25 December 2020   |   , ,
 
By Roberto Catalano published on December 11 on Letsdialogue

On this special day, we share Roberto Catalano’s recollection from his 28 years in India, living among people from different religions. He talks about his first encounter with Mumbai and his first Christmas among people of other religious beliefs.

Roberto Catalano is co-director of the International Center for Interreligious Dialogue of the Focolare Movement. He has a Doctorate in Theology of Religions and a Master’s degree in Philosophy and Sociology. He has lived in India for 28 years where he was actively engaged in interreligious dialogue. He has been involved in the organization of numerous symposiums and other events in India and in Italy, with Muslims, Hindus, Christians, Buddhists and Jews. He is the author of several books and articles on dialogue and a professor at the ASUS University in Rome and at Sophia University Institute of Loppiano., Florence.

I arrived in Mumbai on December 12, 1980. So I spent my first Christmas on Indian soil, 30° in the shade with a lifestyle and cuisine that was completely different from food that I was accustomed to eating on Christmas day.

Mumbai, India – July 21,2019 : Busy Flower market ready for Diwali celebration in Mumbai

For the first days, Silvio, Henry and I were the guests of the Society of St Paul in the neighborhood of Bandra, not far from Mahim where we found two tiny apartments that in the course of a few years would become four and still house the focolare community of Mumbai. We worked at repairing the apartment every day. We had found it in a pitiful condition and with the heat and humidity, everything became difficult. I was literally horrified by the crowds, even if Mumbai was still small (around 6 million citizens) compared to now with its 22 million people and one of the biggest cities in the world. I always walked between my two friends and, as for the local English, I was never able to understand whether the people were speaking Hindi, Marathi, or English. I felt lost in the ocean of a completely different world, but I also felt that it would become my home.

Midnight Mass at St Michael’s parish in Mahim was a fundamental experience in the area where we found the apartment. To understand the context of all that happened, a premise is necessary. Up until the end of the last century, Mumbai was a city made of villages. It is comprised of so-called colonies or compounds where Hindu citizens reside and other compounds where the majority are Muslims. There are also the famous Parsi colonies that gather the small but powerful Parsi or Zoroastrians from Persia.

The compound we lived in, called Mari Nagar (Mary City) is a Catholic colony. Within this social structure, there are further distinctions that are invisible to those who are not familiar with them. In fact, there are compounds of Sindhis Hindus from Sindh, or Gujarati who come from the State of Gujarat. Then there are Bengali or South-Indians who come from the State of Kerala, Tamil Nadu and Andra Pradesh. Some quarters are only Ismaelite Muslim, or Bohri, and so on. Therefore, the life of the respective regions is profoundly characterized by the different communities that live in them.

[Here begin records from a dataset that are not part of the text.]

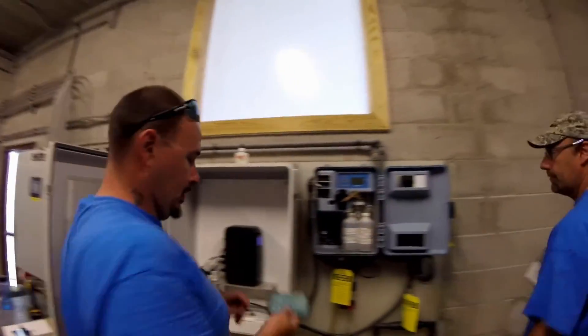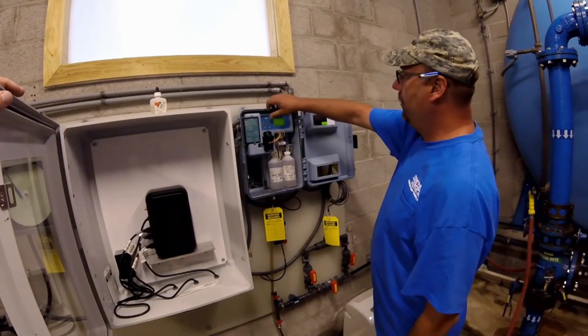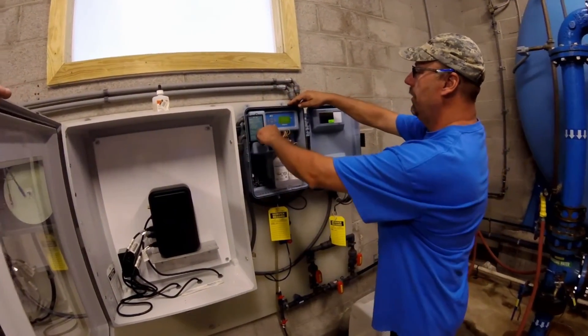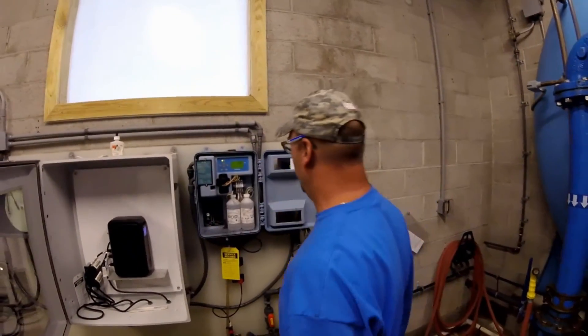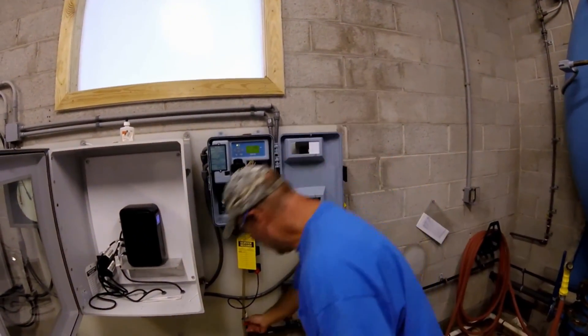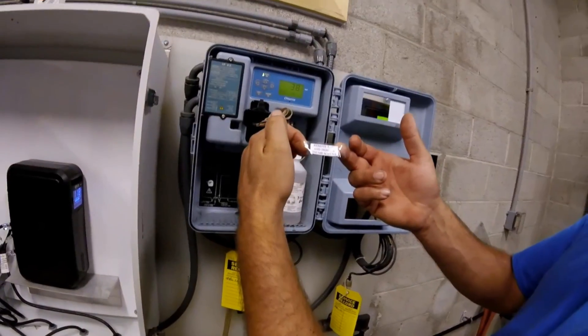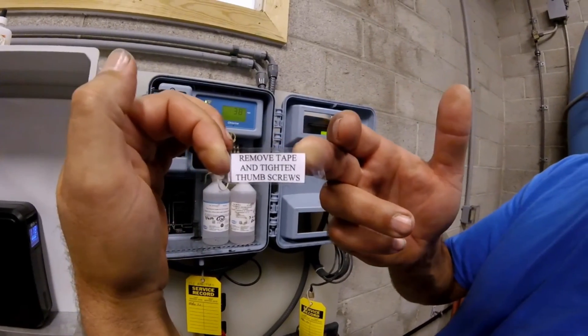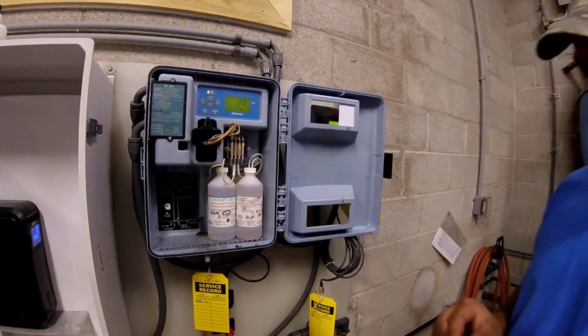Thank you, sir. All right, let's see what we can do here. We're going to go to menu, maintenance, prime. Did you turn the ball on? I did not.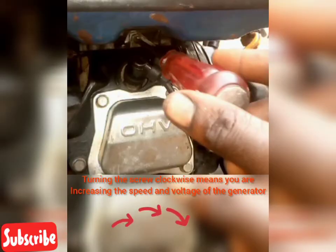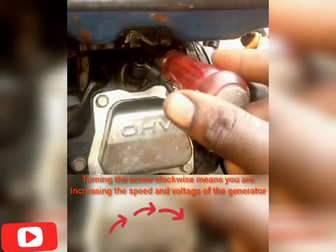Turning the screw in the clockwise direction simply means you are increasing the speed and the voltage of the generator.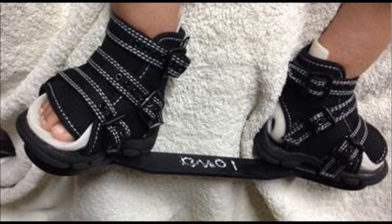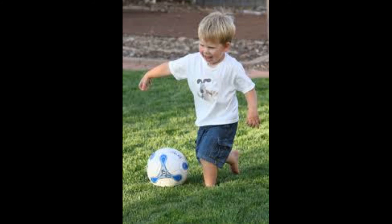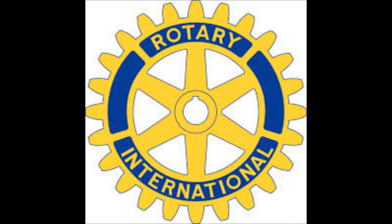The brace consists of a pair of special shoes attached to a removable bar, keeping the feet at a desired angle while the child sleeps. Soft, molded inserts help prevent skin irritations.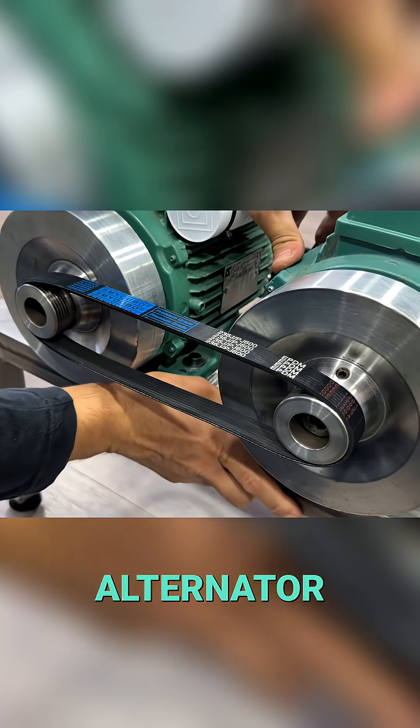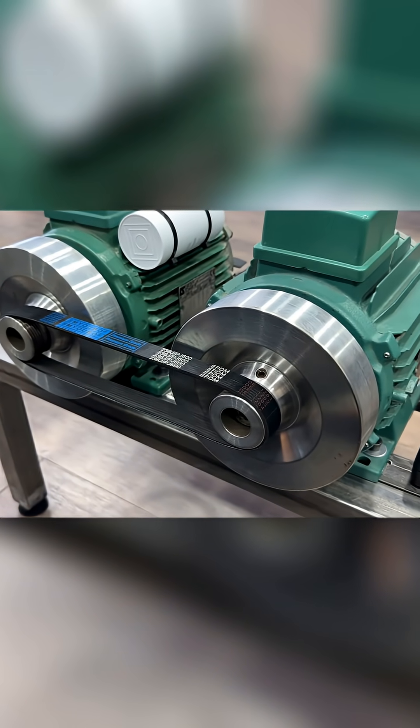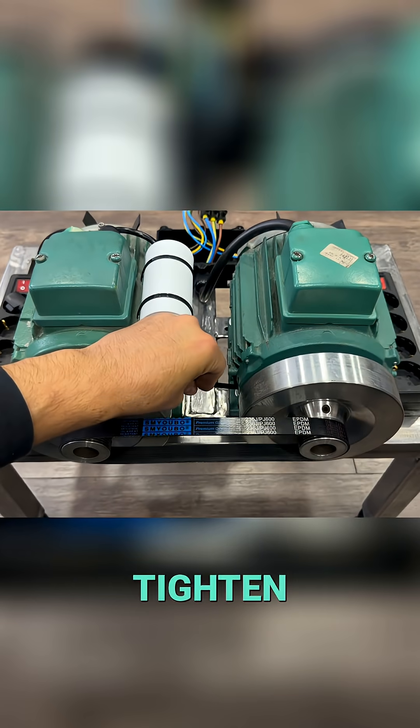We move the alternator to tension the drive belt, and we tighten the four bolts firmly.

The food that you find in the bazaars or even from the street vendors is typical of each cultural group. There are temples and mosques, depending on the religions found in each community. To understand the heart and roots of a city like Mumbai it is necessary to understand this place name, even though there are places where the different communities live together; but they are the ones that began in the 90s.

Let’s go back to the Christmas Mass of 1980. As the Christmas liturgy was being celebrated and old Msgr. Aguiar preached to a crowded church in total silence and a profound spiritual atmosphere – outside the church the streets erupted in chaos. Thousands of people with loud speakers blasting away at full volume, musical that made everything shake. But none of the people in church was disturbed. Everyone remained silent, without a trace of embarrassment or disapproval. What had happened?

Simple. On the opposite side of the artery that passed in front of St Michael’s Church, a vast area of Muslims were celebrating their own feast day, just like we were celebrating Christmas. Obviously, the ways of celebrating the two feasts were very different. I was suddenly aware of my lack of elements that would have allowed me to absorb the situation. For me, this was all totally unacceptable. For the Indians – I would discover later – this was daily life. On one side there was our Catholic identity, and on the other side the presence of a religious pluralism that placed our differences side by side. Both had to and could live with each other.

The Indians had managed to reach this dimension. I was aware of my incapacity. That Christmas night in 1980 was the first experience of the tension between identity and pluralism. I came to realize, perhaps without being aware of it, that it was necessary to bring into focus both sides, in order to bring them into harmony.